Percentage identity used by the UBLAST algorithm. Used to set the `-id` UBLAST parameter


#### min_hit_length
`integer`<br>
Default: `100`


Minimum hit length for UBLAST. Used to set the `-mincols` UBLAST parameter

#### min_coverage
`float` <br>
Default: `0.5`

Minimum proportion of the query sequence which should be covered using UBLAST. Used to set the `-query_cov` UBLAST parameter


### plots
*Plotting parameters*

#### dpi
`integer`<br>
Default: `300`

Dots per inch for output plots (from the summarise functions).


#### format
`string` `png`, `svg`, `pdf` or `jpg`<br>

File format for summary plot files, can be svg, png, pdf or jpg


#### gag_colour
`string` (hex colour code with #) <br>
Default: `#f38918`


Colour for *gag* gene in summary plots. Default is orange.

#### pol_colour
`string` (hex colour code with #) <br>
Default: `#4876f9`


Colour for *pol* gene in summary plots. Default is blue.

#### env_colour
`string` (hex colour code with #) <br>
Default: `#d61f54`


Colour for *env* gene in summary plots. Default is pink


#### other_colour
`string` (hex colour code with #) <br>
Default: `#33b54d`<br>


Colour for anything which doesn't relate to a specific gene in summary plots. Default is green.


#### match_axes
`string` `True` or `False`<br>
Default: `False`


If True, when gag, pol and env are shown as subplots on the same figure they should all have the same axis limits. If they do some can be very small but they are more comparable.

### ORFs
*Parameters for ORF identification*

#### min_orf_len
`integer`<br>
Default: `100`


Minimum length of ORFs to characterise.


#### translation_table
`integer` <br>
Default `1`


Translation table to use when identifying ORFs - listed here https://www.ncbi.nlm.nih.gov/Taxonomy/Utils/wprintgc.cgi. Usually table 1 is fine - default plus alternative initiation codons


### trees
*Phylogenetic tree parameters*

#### use_gene_colour
`string` `True` or `False`<br>
Default: `True`


Use the colours specified in the plots section for each gene to highlight newly identified ERVs. If this is `True`, `highlightcolour` will be ignored and the gene colours will be used instead.If it is `False`, `highlightcolour` is used to highlight newly identified ERVs.

#### maincolour
`string` (hex colour code with #) <br>
Default: `#000000`


Main colour for text in tree images.

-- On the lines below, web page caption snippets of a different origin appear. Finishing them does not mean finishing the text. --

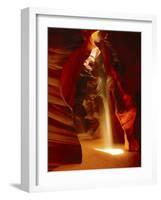 Slot Canyon, Upper Antelope Canyon, Page, Arizona, USA-Michel Hersen-Framed Photographic Print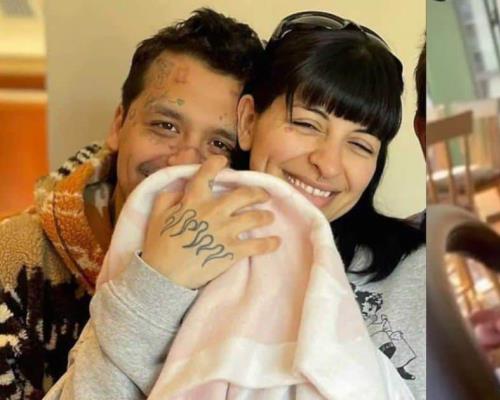 Revelan el rostro de la hija de Christian Nodal y Cazzu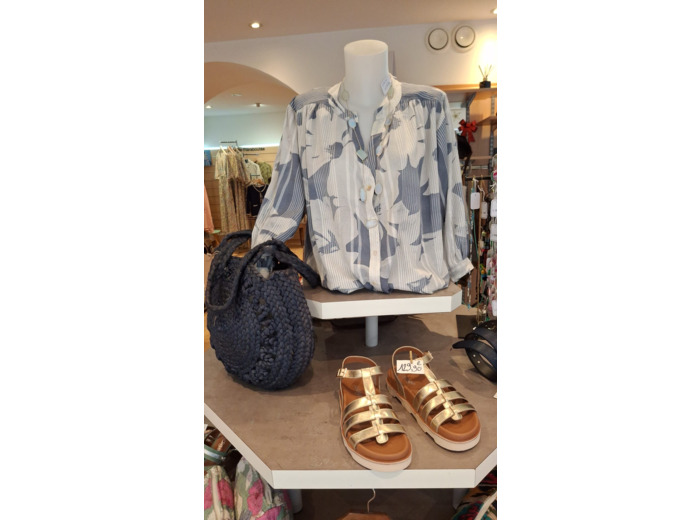 blouse Jolie Julie en voile de coton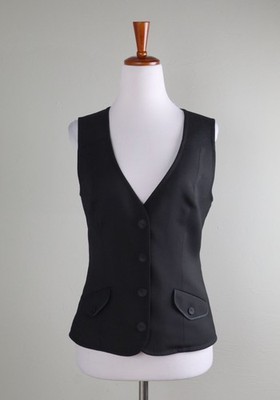 DIANE VON FURSTENBERG DVF Vintage Tux Reene 100% Wool Vest Jacket Top Size 8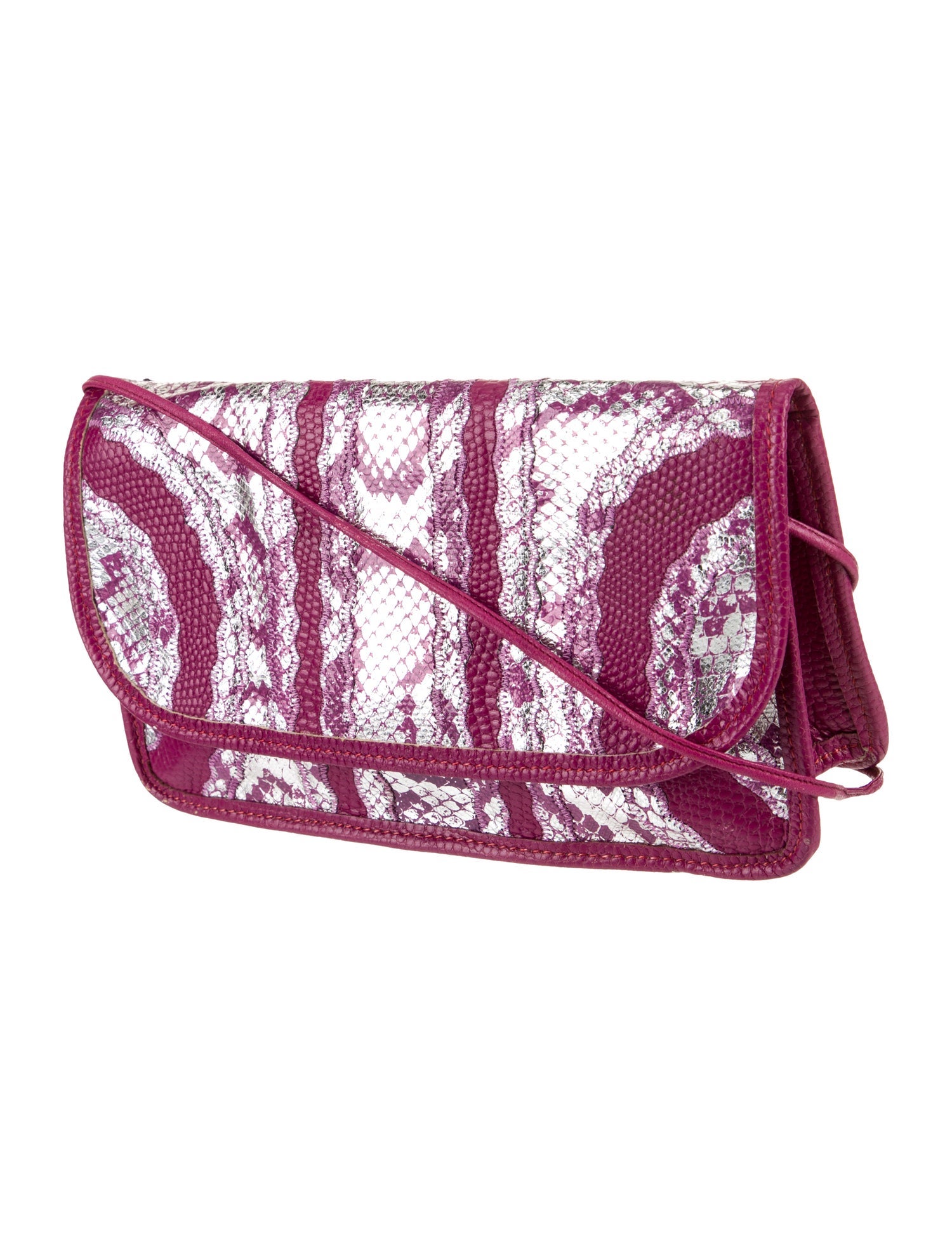 Carlos Falchi Leather Clutch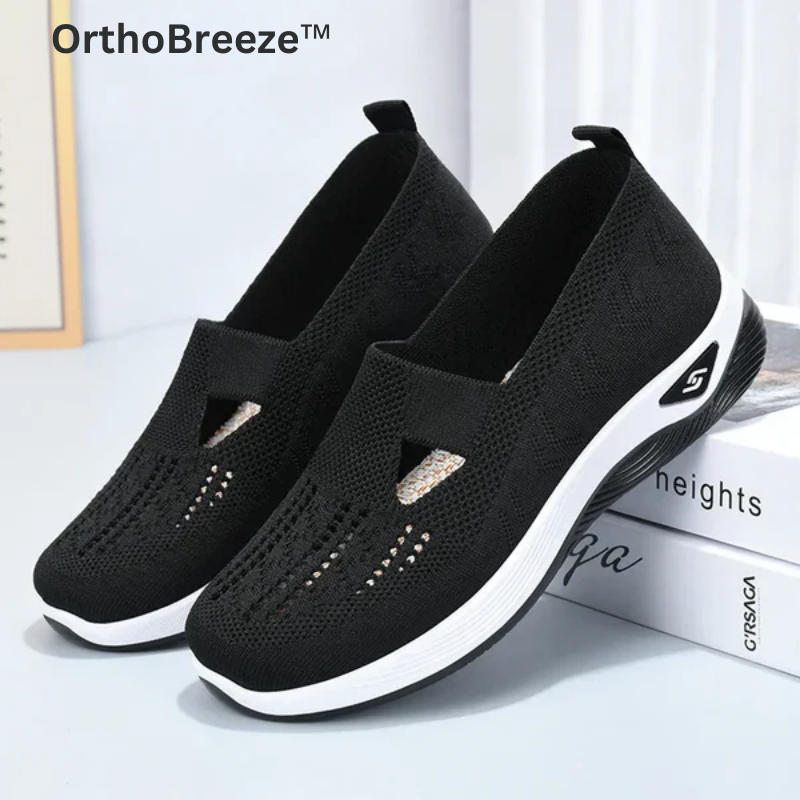 OrthoBreeze™ Geweven Orthopedische Schoenen met Ademend Zachte Zool voor Vrouwen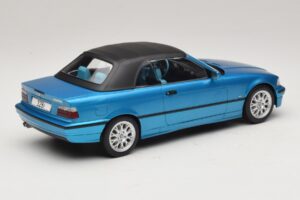 BMW 3 Series E36 Кабриолет Син Метален MCG 1:18 MCG18319 Метал — снимка 3 от 7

Default is black.


#### highlightcolour
`string` (hex colour code with #) <br>
Default : `#382bfe`


Text colour for leaves highlighted in tree images - newly identified ERV-like regions. This is ignored if `use_gene_colour` above is `True`. Default is blue.


#### outgroupcolour
`string` (hex colour code with #) <br>
Default: `#0e954b`


Text colour for outgroup in tree images. Default is green.


#### dpi
`integer`<br>
Default: `300`
Dots per inch for phylogenetic tree images.


#### format
`string` `png`, `svg`, `pdf` or `jpg`<br>
Default: `png`


File format for phylogenetic tree images, can be svg, png, pdf or jpg


### regions
*Parameters for defining regions with ORFs from more than one retroviral gene*

#### maxdist
`integer`<br>
Default: 3000


Maximum distance (in nucleotides) between ORFs to be defined as part of the same ERV region.

##### maxoverlap
`float`<br>
Default: 0.5


Maximum proportion of an ORF which can overlap with an ORF from another gene before they are filtered out.